Specifically, 5 USC § 552 (b).

5

The investigative file was submitted by appellants to the trial court for review. It consists of several boxes of material, which the court categorized into four groups: (1) documents obtained by the Office of the Attorney General using subpoenas issued in the criminal tax investigation, namely, banking records, mortgage documents, insurance information, employment records, children school records, telephone, cleaning and cable company records, and car dealership records; (2) memoranda of interviews of the Sheltons’ ex-spouses, neighbors, personal friends, union members, fellow employees, housekeeper, and business vendors, conducted by agents of the Attorney General and Revenue Commissioner during their criminal tax investigation; (3) memoranda and notes of agents of the Attorney General and Revenue Commissioner regarding meetings and negotiations with the Sheltons’ counsel; and (4) documents submitted by the Sheltons’ counsel in meetings and negotiations which led to the plea agreement. The court found no reason why these personal documents are of interest to the general public. Any federal tax returns which had been provided to the State by the Internal Revenue Service have since been returned to that agency and are no longer contained in the investigative file.

6

The term “agency” is defined in OCGA § 50-18-70 (a).

7

Public records are defined by OCGA § 50-18-70 (a) as:

all documents, papers, letters, ... or similar material prepared and maintained or received in the course of the operation of a public office or agency . . . [or] such items received or maintained by a private person or entity on behalf of a public office or agency which are not otherwise subject to protection from disclosure ....

(Emphasis supplied.) Generally, records of criminal prosecutions fall within the provisions of the Act allowing for inspection by the general public, if the criminal investigation has been completed. Harris v. Cox Enterprises, supra.

8

The parties are in agreement that the term “State return information” is not defined in the Georgia Code. We have no hesitation in adopting the definition as set forth in the Agreement of Coordination of Tax Administration, entered into between the Internal Revenue Service, the State of Georgia and the Georgia Department of Revenue on December 29, 1981, and which was made part of the record before the trial court.
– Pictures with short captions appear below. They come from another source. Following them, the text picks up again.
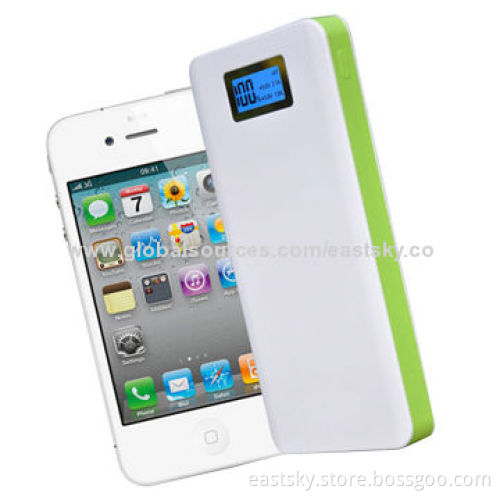Promotional Slim Power Bank, ESPB-17 for iPhone/iPod/Digital Camera/Mobile Phones/MP3/MP4/GPSNew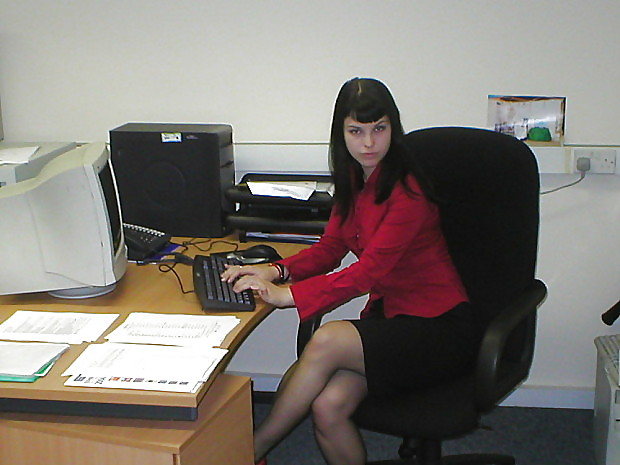 Sex My new secretary is a slut image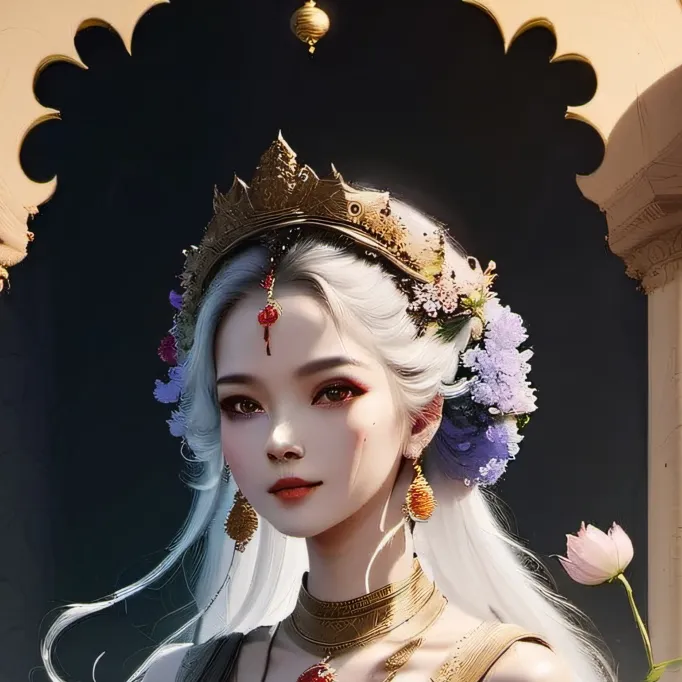 chat with ai character: Rati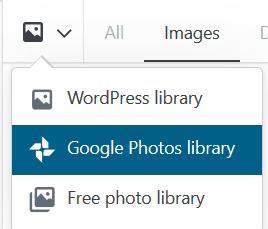 Google Photos library
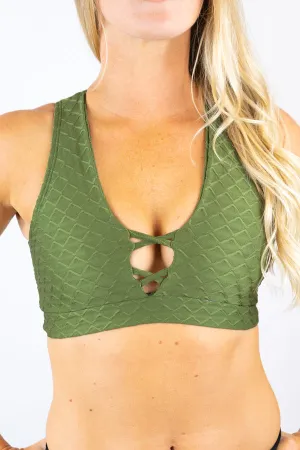 Lori Bra - Hunter Green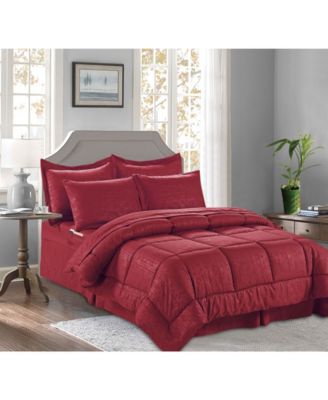Bamboo Pinted 6-Pc. Comforter Set, Full/Queen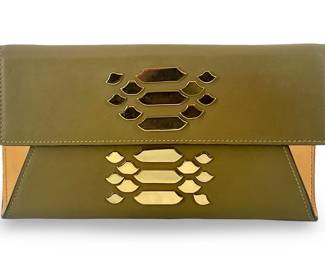 George Angelopoulos Leather Crossbody Bag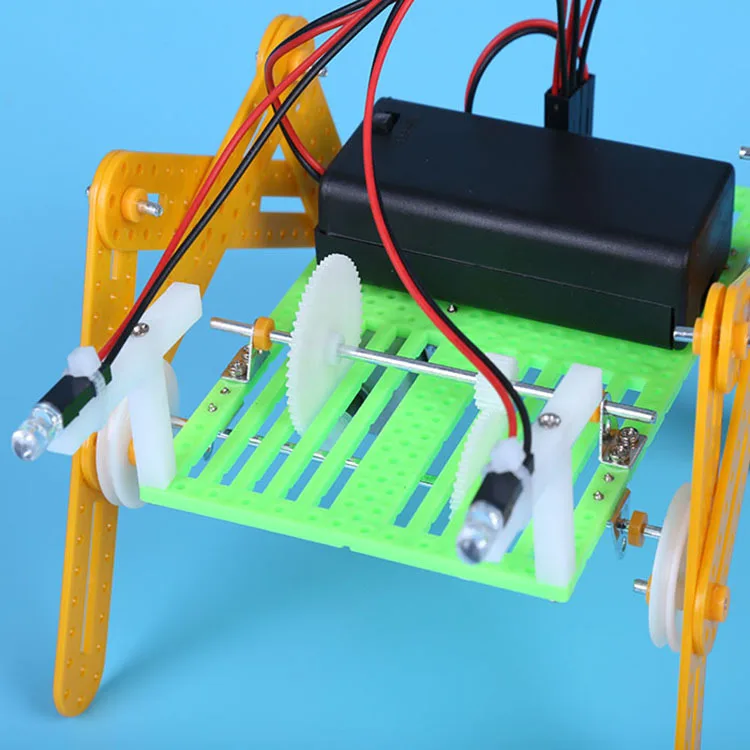 DIY технология производства научный физический эксперимент модель ручной сборки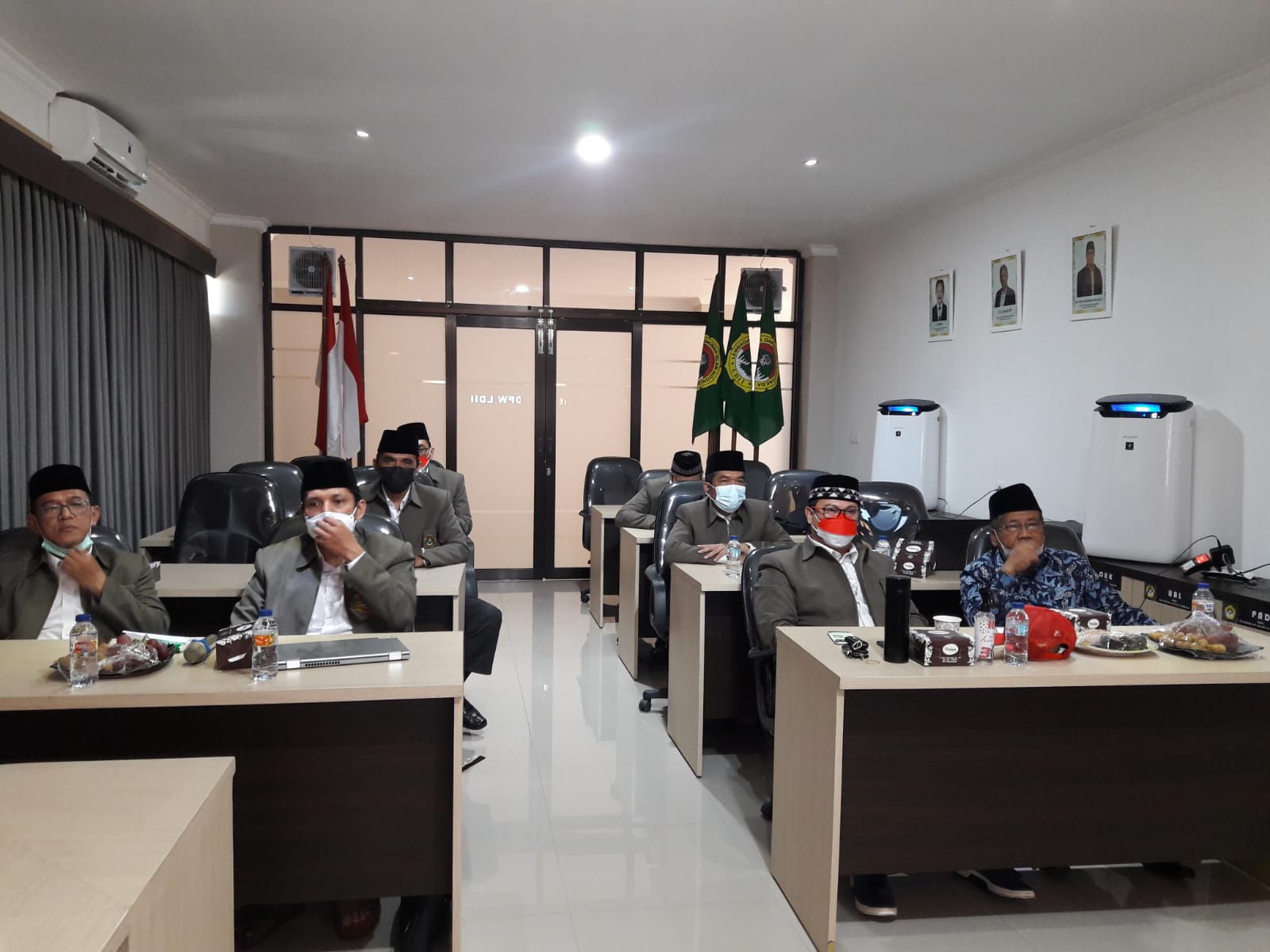 LDII dan Ketum MUI Jabar Ikuti Webinar Wawasan Kebangsaan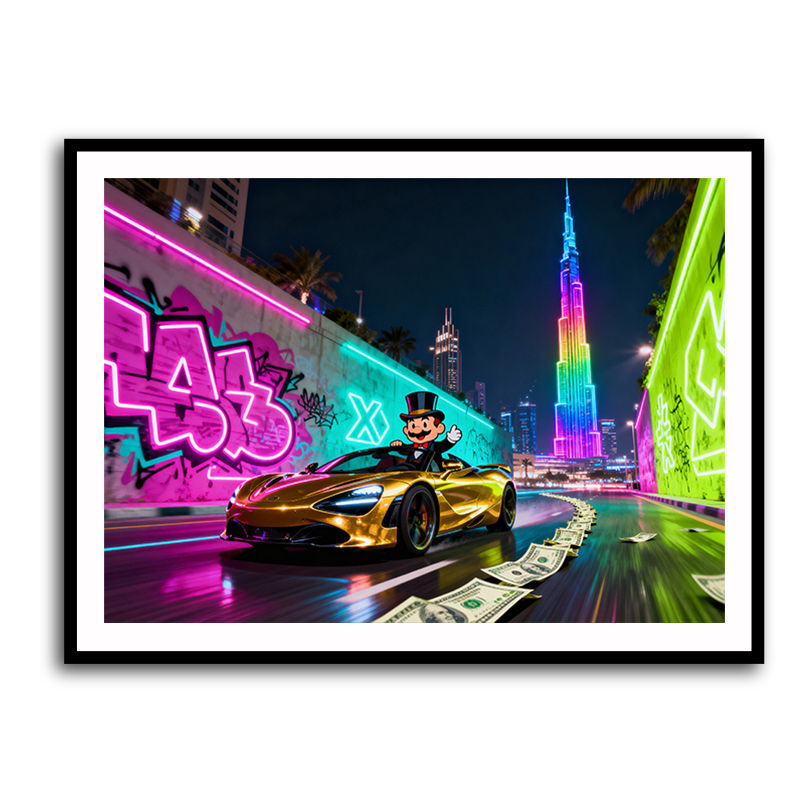 Framed Print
It provides:

The term “State Return Information” means a taxpayer’s identity, the nature, source, or amount of his/her income, payment, receipts, deductions, exemptions, credits, assets, liabilities, net worth, tax liability, tax withheld, deficiencies, overas-sessments, or tax payments, whether the taxpayer’s State return was, is being, or will be examined or subject to other investigation or processing, or any other data received by, recorded by, prepared by, furnished to, or collected by the Agency with respect to a State return or with respect to the determination of the existence or possible existence, or liability (or the amount thereof) of any person under the internal revenue laws, or related statutes, of the State, for any tax, penalty, interest, fine, forfeiture, or other imposition, or offense.

Section 2.10.

9

The confidentiality of tax returns or return information is not absolute. Under OCGA § 48-7-60 (a) and (b), exemptions are provided for information provided to the Attorney General, the Internal Revenue Service, or the proper officer of other states, for inspection or as evidence in the event of an action involving the tax liability of the taxpayer. In addition, tax returns or return information may be available for public inspection where the documents are contained in a court record, which is not otherwise under seal.